Reputation: 177
Some time ago, I decided to solve a simple task on HackerRank but using OCaml and Core, in order to learn them. In one of the tasks, I'm supposed to read data from standard input:
The first line contains an integer, denoting the number of entries in the phone book. Each of the subsequent lines describes an entry in the form of space-separated values on a single line. The first value is a friend's name, and the second value is an -digit phone number.
After the lines of phone book entries, there are an unknown number of lines of queries. Each line (query) contains a to look up, and you must continue reading lines until there is no more input.
The main issues:
scanf "%s\n"
until End_of_file
And my code became messy:
open Core.Std
open Printf
open Scanf
let read_numbers n =
let phone_book = String.Table.create () ~size:n in
for i = 0 to (n - 1) do
match In_channel.input_line stdin with
| Some line -> (
match (String.split line ~on:' ') with
| key :: data :: _ -> Hashtbl.set phone_book ~key ~data
| _ -> failwith "This shouldn't happen"
)
| None -> failwith "This shouldn't happen"
done;
phone_book
let () =
let rec loop phone_book =
match In_channel.input_line stdin with
| Some line -> (
let s = match Hashtbl.find phone_book line with
| Some number -> sprintf "%s=%s" line number
| None -> "Not found"
in
printf "%s\n%!" s;
loop phone_book
)
| None -> ()
in
match In_channel.input_line stdin with
| Some n -> (
let phone_book = read_numbers (int_of_string n) in
loop phone_book
)
| None -> failwith "This shouldn't happen"

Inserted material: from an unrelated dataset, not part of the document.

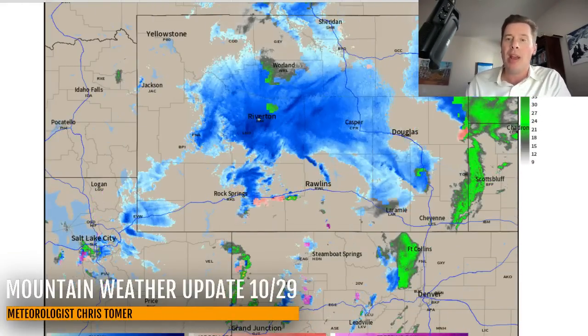Hey guys, it's Mead Rebel. It's Chris Tomer here with this Tuesday afternoon mountain weather update. I want to show you where it is snowing on radar.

If I solve this task in Python, then code looks like this:
n = int(input())
book = dict([tuple(input().split(' ')) for _ in range(n)])
while True:
try:
name = input()
except EOFError:
break
else:
if name in book:
print('{}={}'.format(name, book[name]))
else:
print('Not found')
This is shorter and clearer than the OCaml code. Any advice on how to improve my OCaml code? And there two important things: I don't want to abandon OCaml, I just want to learn it; second - I want to use Core because of the same reason.
Upvotes: 6
Views: 8081
Reputation: 8720
As in Python, the key to a concise implementation is to let the standard library do most of the work; the following code uses Sequence.fold
in lieu of Python's list comprehension. Also, using Pervasives.input_line
rather than In_channel.input_line
allows you to cut down on extraneous pattern matching (it will report an end of file condition as an exception rather than a None
result).
open Core.Std
module Dict = Map.Make(String)
let n = int_of_string (input_line stdin)
let d = Sequence.fold
(Sequence.range 0 n)
~init:Dict.empty
~f:(fun d _ -> let line = input_line stdin in
Scanf.sscanf line "%s %s" (fun k v -> Dict.add d ~key:k ~data:v))
let () =
try while true do
let name = input_line stdin in
match Dict.find d name with
| Some number -> Printf.printf "%s=%s\n" name number
| None -> Printf.printf "Not found.\n"
done with End_of_file -> ()
Upvotes: 6
Reputation: 35210
The direct implementation of the Python code in OCaml would look like this:
let exec name =
In_channel.(with_file name ~f:input_lines) |> function
| [] -> invalid_arg "Got empty file"
| x :: xs ->
let es,qs = List.split_n xs (Int.of_string x) in
let es = List.map es ~f:(fun entry -> match String.split ~on:' ' entry with
| [name; phone] -> name,phone
| _ -> invalid_arg "bad entry format") in
List.iter qs ~f:(fun name ->
match List.Assoc.find es name with
| None -> printf "Not found\n"
| Some phone -> printf "%s=%s\n" name phone)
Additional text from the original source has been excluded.